5 Excuses Killing Your Creativity

And How to Be More Creative by Overcoming Them

5 Excuses Killing Your Creativity

Odds are if you’ve found this blog, you’re trying to be a more creative person.  You’ve got a passion and a goal but for some reason every night finds you no closer to achieving it.  In reality, there are five reasons, and they’re more like excuses.  The same five have come up over and over again while consulting and collaborating with creative people, so let’s talk about how to be more creative by overcoming these five most common excuses.

Excuse #1: I Don’t Have Time

Be more creative with the extra hour you already have in your day.This is definitely the biggest excuse not to be more creative.  Things just come up, and the urgent beats out the important, and the next thing you know it’s late and you’ve got work in the morning.  “The problem with life is that it’s so daily,” someone once said.  But you may also have heard that “you make time for what you value.”  Guess what – it’s true!

If you want to be more creative, your creative passion has to become a high priority.  Here are some ways to make that happen:

  • Make it the first thing you do each day.  Before you let chores and errands take up your time, spend an hour on your creative passion.  This might mean getting up an hour earlier for work, or just waiting to check your email.
  • Try an Unplug Hour.  You’ll probably be surprised by how much time you can get back from small pursuits that don’t really matter, and how far you can go if you reinvest that time in your creative passion.
  • Create in small doses and use healthy multitasking.  Take the opposite approach and fit your passion into the nooks and crannies of your day; we call this Everyday Creativity.  The more creative you are in your life, the more you’ll be motivated to find more ways to be creative!

The Spare Room Project is passionate about time management for creativity, so be sure to subscribe for more articles and resources about it.

Excuse #2: I Don’t Have Space

The spark of discovery that started The Spare Room Project was just how powerful a dedicated creative space could be.  For many of our readers, though, the apartment is too small, or the house is too full, or the kids are already in the spare bedroom.  This excuse takes on many forms, but it’s always the same problem: a dedicated creative space seems impossible.  But making that space is easier than you think.

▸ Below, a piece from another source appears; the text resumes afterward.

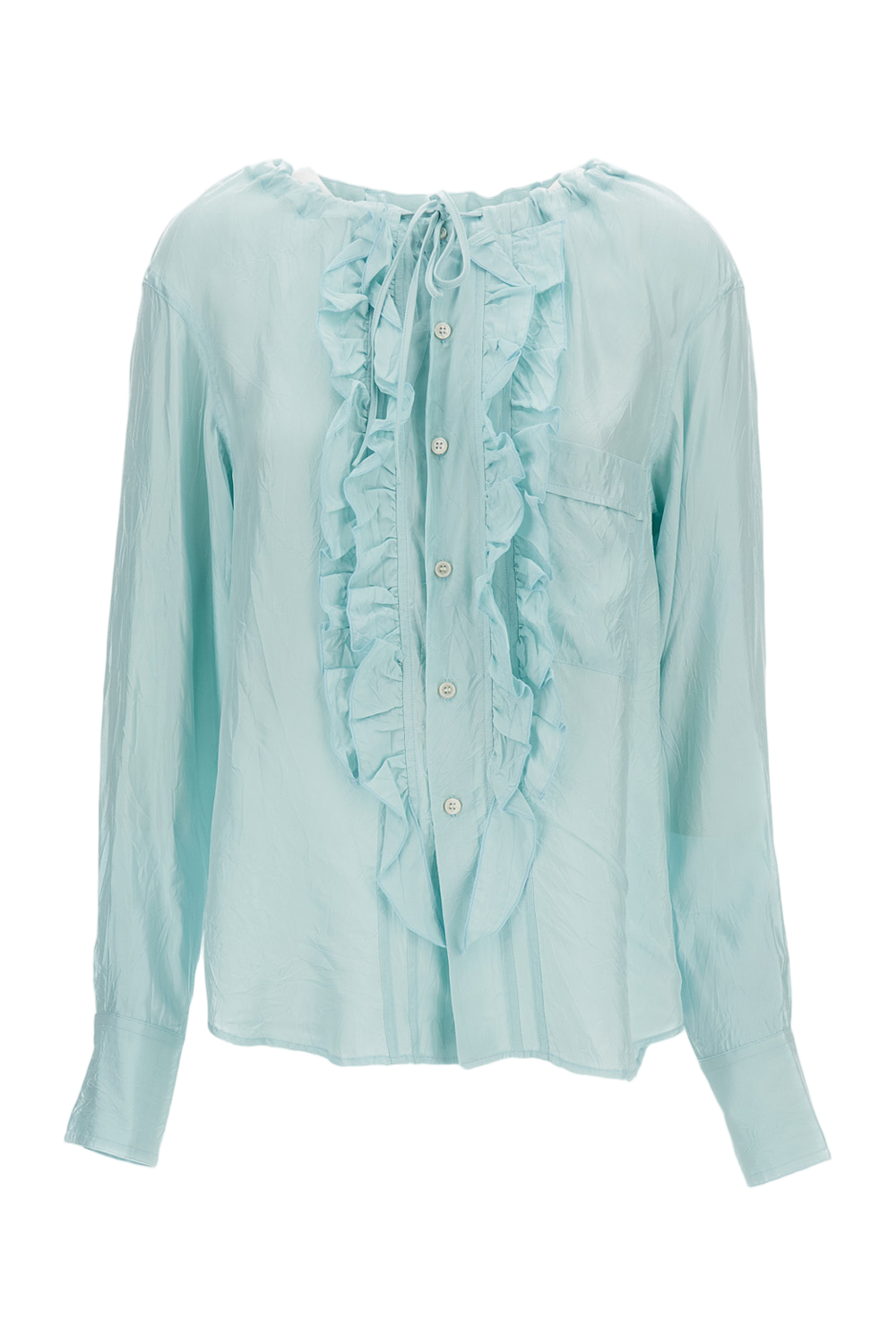 Light Blue Ruffled Shirt With Gathered Neck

  • Start small.  Ally at Inyeri Designs designs stunning jewelry and runs a business around it, all with just a card table!  If you can set aside even aEtsy Photography small space like that, you can do a lot more than you think.
  • Commit to it.  Even if it’s just a card table, don’t set your groceries on that table just because it’s the only clean place in the house, or move your toolbox in the room while you’re cleaning out the garage.  Remember that bit about priorities?

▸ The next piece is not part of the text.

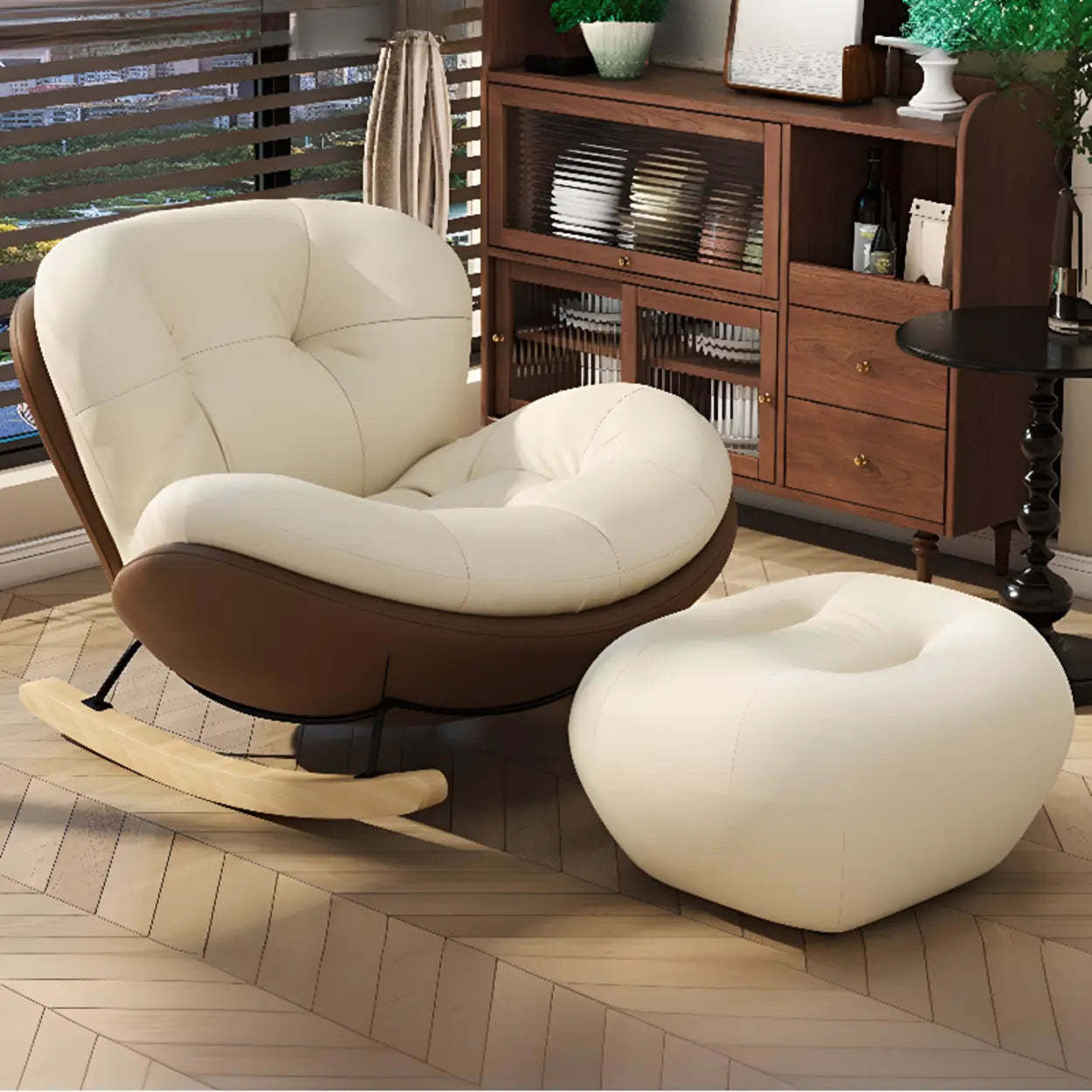 Coffee Stain-Resistant Tufted Natural Leg Rocking Chair — Orange / Rocking Chair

Having your creative passion like artwork or music in the same place means you don’t have to set it all up and put it all away every time you find that spare moment; you’ll have more time for actual creativity and more motivation to get to it.

Excuse #3: I Don’t Have the Resources

It’s more likely you just don’t know where to find them.  It is true that on some level you get out of your art what you put into it.  But much of what you need to pursue your creative passion may be available for free, or for less than you were expecting.  Here are some ways to find it:

  • Software.  A lot of high-end multimedia production software has free or open-source counterparts that can produce comparable results, or at How to Make a Mic Shield with Your Laundryleast get you started and build the skills you’ll need to succeed.  The Spare Room Project has assembled a comprehensive list of that software called Adobo Hoboshop, that covers everything from video editing to music production.
  • Make it work.  Most solutions don’t have to be elegant.  For instance, you can make a serviceable mic shield out of your laundry!   Jenn was able to produce a professional-quality voice-over demo reel using only a $7 desktop mic that she had on hand, some free music beds and commercial scripts, and Audacity (part of Hoboshop – seriously, look that over).
  • Collaborate.  Look for other people with the experience or the resources you need.  There may be an online community like a subreddit already built around the passion you have.  Or you may be able to find someone in your area that you can collaborate with.  People are drawn to a project when there is a specific purpose and the energy to make it happen, and once you’ve built that network you’ll be equipped to succeed in ways you never expected.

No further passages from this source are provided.